My impression of Oxbridge, I have to admit, comes mostly from fiction. A bit from Neal Stephenson's Baroque Cycle. A bit more from Philip Pullman. A lot from Douglas Adams. I particularly liked the slightly ironic but still appreciative view of dinner at the high table and especially of the porter who knew everybody's name, even decades later. Just a bonus, I suppose, that the first Dirk Gently story began its life as a Doctor Who episode.
And I think Johann makes a good point about the things we have lost in Higher Ed. "There is no room for dress codes (elitist), beautiful architecture (expensive), tradition (racist), or cubby holes (inefficient). What identities are on offer in the modern university - sexual and other minorities - are resentful and ugly." On the other hand, Cecil Rhodes got his imperialist colonial worldview from a lecture on art by John Ruskin at Oxford which in retrospect could be called a bit ugly. So let's not look at the past through rose-colored glasses.
The idea seems to be that a sense of belonging must be exclusive, but doesn't this strike you as an easy way out of hard work? How would a graduate seminar with Richard Feynman feel different from an invitation to Hogwarts? I imagine it would feel no less special to be invited into what would be considered an elite assembly. But better, because it would have been based on achievement rather than on an unearned specialness one was just born with. What I think attracts us to Hogwarts, sad to say, is a desire to be special without working for it. So I disagree with the statement that "Rowling's school does not cater to your identity". Seems to me "You're a wizard, Harry!" is the ultimate statement of identity.
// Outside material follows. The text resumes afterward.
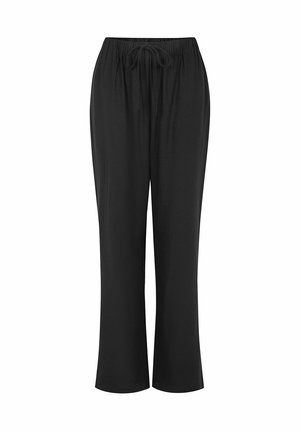 Pantalon noir léger avec une coupe décontractée, doté d'une taille élastique et d'un cordon de serrage. Texture lisse, longueur complète.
The "otherness" just hides the "parallels with the aristocracy"; partly because we don't know Harry is an aristocrat at the beginning of the story, so we mistake him for an underdog.
One of the things I think is really influential in this romanticization of the "otherness" of bygone eras of elite Higher Ed and the desire to remake them today is this sense of unearned specialness, which I don't think we should pursue. But another is a sense that the educational experience is happening in a slightly different world or on a slightly elevated plane of being than the day-to-day realities of "Muggle" life. This is much harder to achieve these days, and it's not only a problem of brutalist architecture. Higher Education is pursued by so many people who don't have previously-unknown piles of gold available to them, giving them the opportunity to pursue only what interests them. Even elite institutions are filled with people who are (or their families are) mortgaging their futures in order to even attend. And most of the people at less-than-elite universities, colleges, and technical schools are firmly embedded in all the struggles of real life. So where and when are they going to experience that feeling of magic?
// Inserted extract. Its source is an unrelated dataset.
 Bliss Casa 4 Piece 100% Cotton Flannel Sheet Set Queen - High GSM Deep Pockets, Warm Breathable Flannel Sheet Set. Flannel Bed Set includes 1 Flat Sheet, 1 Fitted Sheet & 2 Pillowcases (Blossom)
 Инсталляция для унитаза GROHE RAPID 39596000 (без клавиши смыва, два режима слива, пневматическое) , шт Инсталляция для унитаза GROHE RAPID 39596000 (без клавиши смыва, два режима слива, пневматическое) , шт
I'd suggest their best chance of reaching that feeling (which is really about community, I think) would be through achievement rather than identity. Meritocracy is a dirty word today, and I agree there are unequal opportunities that make it much more of an ideal than a reality. I'd argue that building identity groups on other distinctions (skin color, religion, gender) may improve the equity of the on-ramps. But then the person needs to walk the road. It's not enough to just sit in an identity group and claim benefits forever; just as it wasn't okay for Rhodes to extrapolate from his position of privilege that the world would be better off if Englishmen like himself were running more of it, so why not create a secret society to take back the colonies in North America?
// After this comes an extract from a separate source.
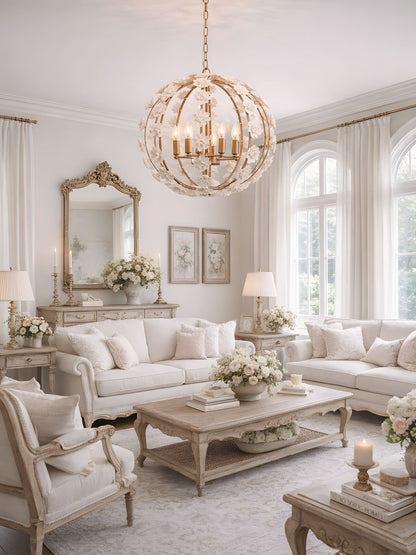 Bianca Floral Orb Chandelier - Elegant Design with Adjustable Height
All that said, how do we create communities where regular people rather than hereditary wizards can develop a sense of community and of the special nature of the education they're pursuing? I've had students from single-parent, working-class homes, at a very pedestrian little university where more than half our students are first-generation collegiates. These students, with seemingly no inherited advantages, have earned McNair scholarships and given presentations at national conferences. Then have gone on to graduate school. It doesn't work for everyone. There are so few jobs for professional historians that I hesitate to recommend it as a career goal. Can we create more experiences that will provide people a taste of this special feeling of belonging to a community where learning is valued? Where the feeling is associated with the work? And not with simply "being a wizard"? Can we do this outside the academy, so people who can’t attend college can join the community? Seems like that's a code we'll need to crack, if we want to return to the substance of higher education rather than just the style.